Por tamyres.matos

Rio - Um país que se paralisa diante da televisão para assistir a um beijo gay na novela — depois de semanas de torcida e campanha por direitos iguais, respeito e cidadania — nem sequer pode cogitar pensar em defender ‘justiçamentos’ como os que ganharam o mundo esta semana. Na superficialidade, as causas não se assemelham, mas têm muito em comum. Derivam da mesma raiz: o Estado Democrático de Direito, das liberdades e da justiça.

O beijo gay de ‘Amor à vida’, escancarado, encerrou anos de tabu, timidamente arranhado com personagens femininas ou demonstrações veladas de afeto.

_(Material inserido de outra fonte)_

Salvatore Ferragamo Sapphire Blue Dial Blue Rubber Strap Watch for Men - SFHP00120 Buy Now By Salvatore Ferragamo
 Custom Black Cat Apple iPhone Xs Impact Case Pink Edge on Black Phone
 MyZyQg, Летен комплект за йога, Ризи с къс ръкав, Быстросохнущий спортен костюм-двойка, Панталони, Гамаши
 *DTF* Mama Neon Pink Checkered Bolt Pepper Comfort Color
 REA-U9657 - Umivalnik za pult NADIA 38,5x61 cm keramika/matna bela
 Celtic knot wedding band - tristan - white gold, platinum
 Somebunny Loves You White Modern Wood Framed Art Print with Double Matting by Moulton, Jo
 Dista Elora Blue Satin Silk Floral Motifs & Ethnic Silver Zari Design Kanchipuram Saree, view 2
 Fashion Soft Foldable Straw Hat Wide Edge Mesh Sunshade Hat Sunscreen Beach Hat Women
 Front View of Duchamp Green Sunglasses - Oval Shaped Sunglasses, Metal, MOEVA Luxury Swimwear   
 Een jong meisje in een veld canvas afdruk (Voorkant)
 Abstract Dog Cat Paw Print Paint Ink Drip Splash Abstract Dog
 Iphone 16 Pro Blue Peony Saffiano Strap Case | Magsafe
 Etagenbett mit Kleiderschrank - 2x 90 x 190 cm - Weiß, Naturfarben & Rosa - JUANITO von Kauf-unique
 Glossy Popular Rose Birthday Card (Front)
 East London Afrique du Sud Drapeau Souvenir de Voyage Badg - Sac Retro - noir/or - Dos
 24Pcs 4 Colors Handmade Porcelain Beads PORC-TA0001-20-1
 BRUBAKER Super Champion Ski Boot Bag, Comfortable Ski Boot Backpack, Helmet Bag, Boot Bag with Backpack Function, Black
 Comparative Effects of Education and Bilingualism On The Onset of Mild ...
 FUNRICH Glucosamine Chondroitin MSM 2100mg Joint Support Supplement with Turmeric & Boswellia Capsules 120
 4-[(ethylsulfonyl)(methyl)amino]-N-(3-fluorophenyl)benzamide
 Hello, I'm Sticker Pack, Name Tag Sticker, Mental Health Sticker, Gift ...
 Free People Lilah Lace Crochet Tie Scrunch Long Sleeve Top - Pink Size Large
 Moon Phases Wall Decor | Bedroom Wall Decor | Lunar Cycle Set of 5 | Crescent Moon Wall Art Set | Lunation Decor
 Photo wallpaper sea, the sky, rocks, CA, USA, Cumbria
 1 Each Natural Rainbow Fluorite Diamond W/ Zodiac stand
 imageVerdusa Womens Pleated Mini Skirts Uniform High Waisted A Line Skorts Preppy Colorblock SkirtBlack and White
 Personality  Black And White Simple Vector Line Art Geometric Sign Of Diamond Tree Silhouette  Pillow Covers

Uma nação justa não persegue homossexuais, ao contrário. Garante-lhes vida plena, com direitos de cidadão assegurados pelo Estado. Busca a tolerância, mas não cerceia a opinião de quem não compartilha dessas orientações. Só pune ataques, ofensas e agressões — infelizmente ainda comuns na sociedade.

Como dissociar, então, o Estado que se esforça pela cidadania de todos do que se cala diante de barbáries? Matar ladrões na rua ou acorrentá-los a postes depois de lichamentos é a negação mais aguda da democracia. É patrocinar a selvageria, a irracionalidade, o vácuo de poder.

Há uma enorme diferença entre garantir julgamento próprio a quem delínque e “defender bandidos”, como apregoam simpatizantes de justiceiros. No meio, existe a negligência do Estado, notada em várias frentes, que falha no policiamento ostensivo, na execução penal, na recuperação de presos e no trato de menores infratores. Mas usar de bestialidade como vingança é jogar ainda mais violência numa pretensa e errônea luta contra a violência das ruas.

Há diversas formas de exigir segurança, cidadania, liberdade e justiça. Uma é protestando sem vandalismo — obviamente sem rojões assassinos. Outra é estimulando o debate político e levar a questão para as eleições.